The Lord rules over the nations, says the song that Jesus gasps out from the cross. The Lord – not the frightened religious authorities; not the governor, Pilate; not even Caesar in all his imperial grandeur back in Rome. The Lord rules over the nations, Jesus’ song proclaims – even when the Lord hangs on a cross.
So, back to the question of the day: Who is this man who’s calling out to God?
This is where the mystery goes deep. This man hanging on the cross is not just the suffering servant fulfilling Isaiah’s prophecy. This man hanging on the cross is not just a wise and holy teacher, renewing the Jewish tradition in his own day. This man hanging on the cross is not just the anointed king of Israel, the messiah for a people trapped in political oppression and religious stagnation. This man hanging on the cross is the one to whom the Roman army officer pledges his converted allegiance when he says, “Truly this man was God’s Son!” (Matthew 27:54).
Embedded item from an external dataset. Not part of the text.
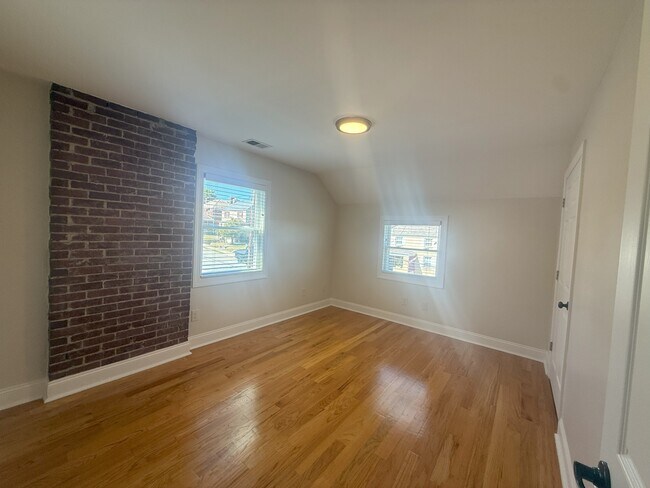 Building Photo - 1430 Simona Dr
And even that may not capture this deep mystery in its fullness. Because human language stumbles to express the nature and life of God, we’re immediately limited in what we say even when we proclaim Jesus to be God’s Son – because being someone’s child might imply more difference than the Trinity actually holds. After all, the Father, the Son, and the Holy Spirit are “one God … in Trinity of Persons and in Unity of Being” (BCP 380). So the fact that they are one takes us to the edge of the deepest mystery of them all: This man hanging on the cross is not just the anointed offspring of God. This man hanging on the cross is God. He is the kyrios, the “Lord,” which was a title claimed by Caesar himself. This man hanging on the cross is the true Lord whom Caesar can’t unseat, the “highly exalted” one, whose name “is above every name, so that at [his] name … every knee should bend, in heaven and on earth and under the earth, and every tongue confess that Jesus Christ is Lord” – not Caesar. (Philippians 2:9-11)
As we begin our journey though Holy Week, “may the same mind be in [us] that was in Christ Jesus” (Philippians 2:5). May we walk alongside him each step of the way, as present to his pain as he is to ours. And all along that holy way, may we, too, sing Psalm 22 – and remember that the cry of desolation, the cry from the cross, is never God’s last word.